■ **Supplied information**:
::::::

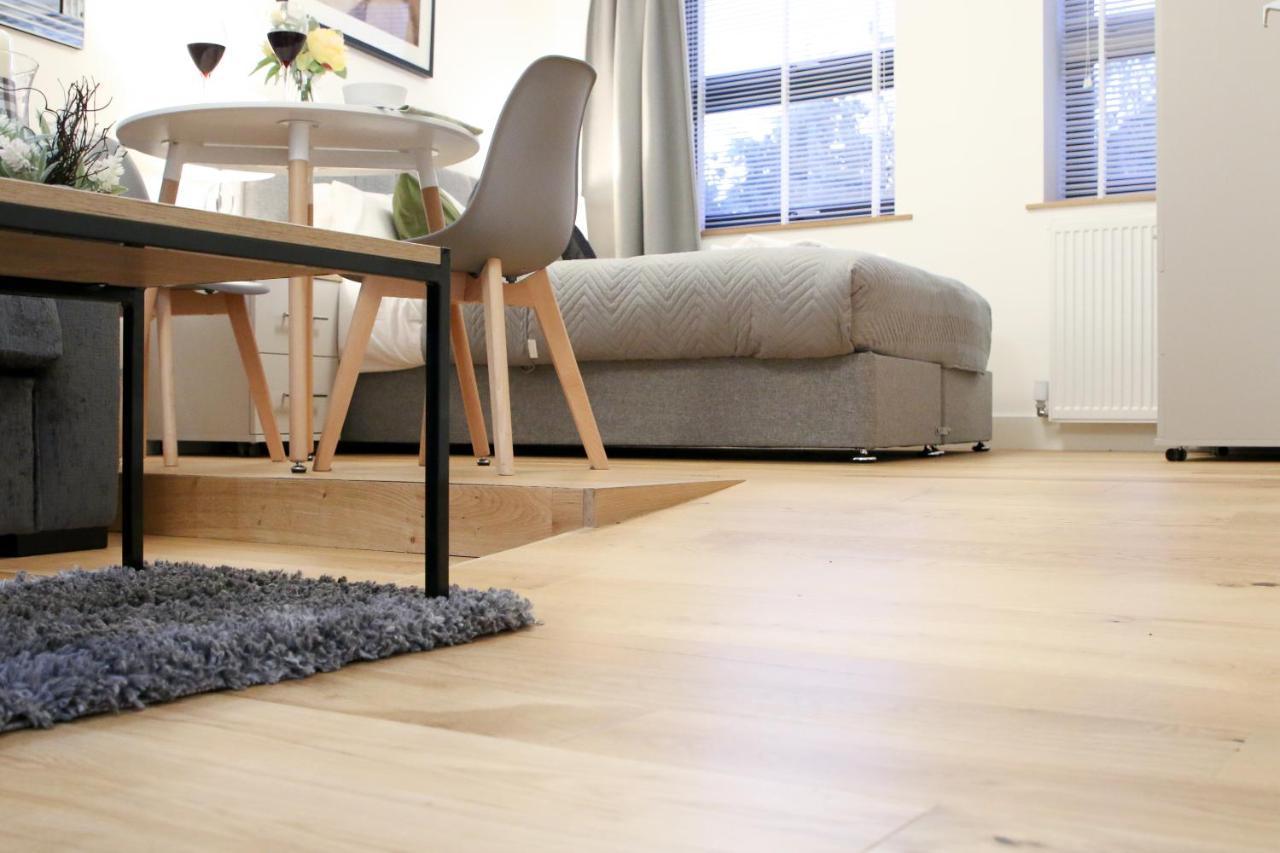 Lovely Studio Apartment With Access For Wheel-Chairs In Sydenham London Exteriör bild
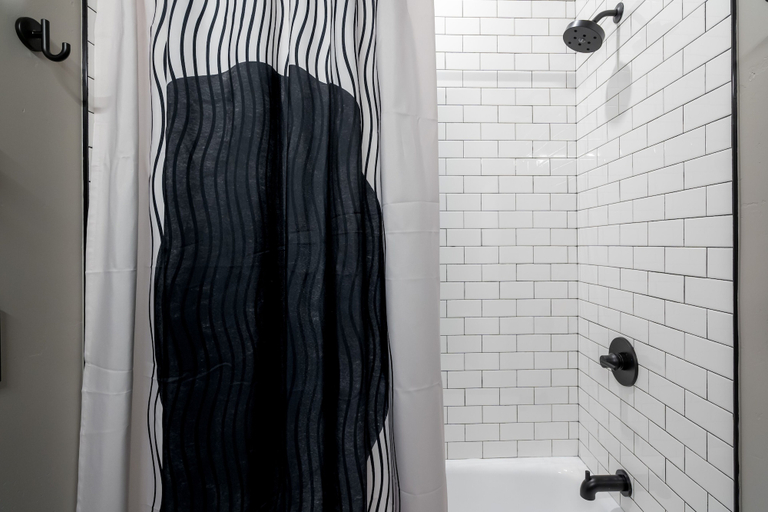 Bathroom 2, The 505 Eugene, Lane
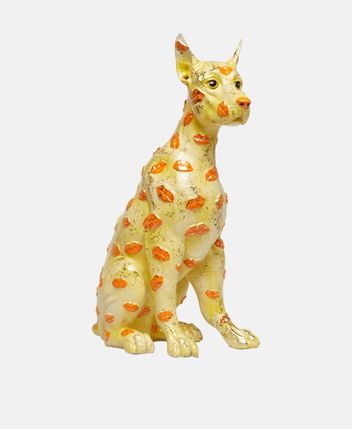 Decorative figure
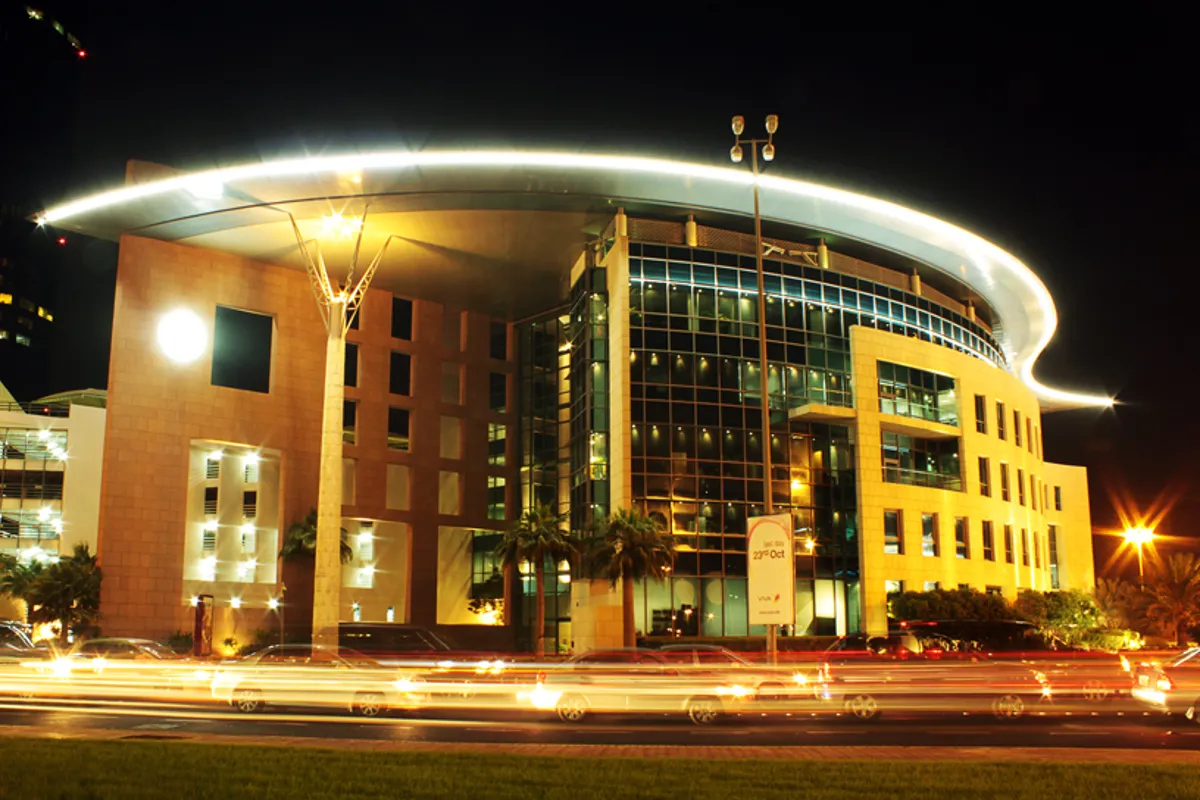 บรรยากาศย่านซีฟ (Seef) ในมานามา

::::::

■ **The problem**:
Pictures stay out; retype only the lines from the line containing "Bathroom 2, The 505 Eugene, Lane" through the end of the listing, inclusive, exactly as they appear.

■ **Response to the task**:
 Bathroom 2, The 505 Eugene, Lane
 Decorative figure
 บรรยากาศย่านซีฟ (Seef) ในมานามา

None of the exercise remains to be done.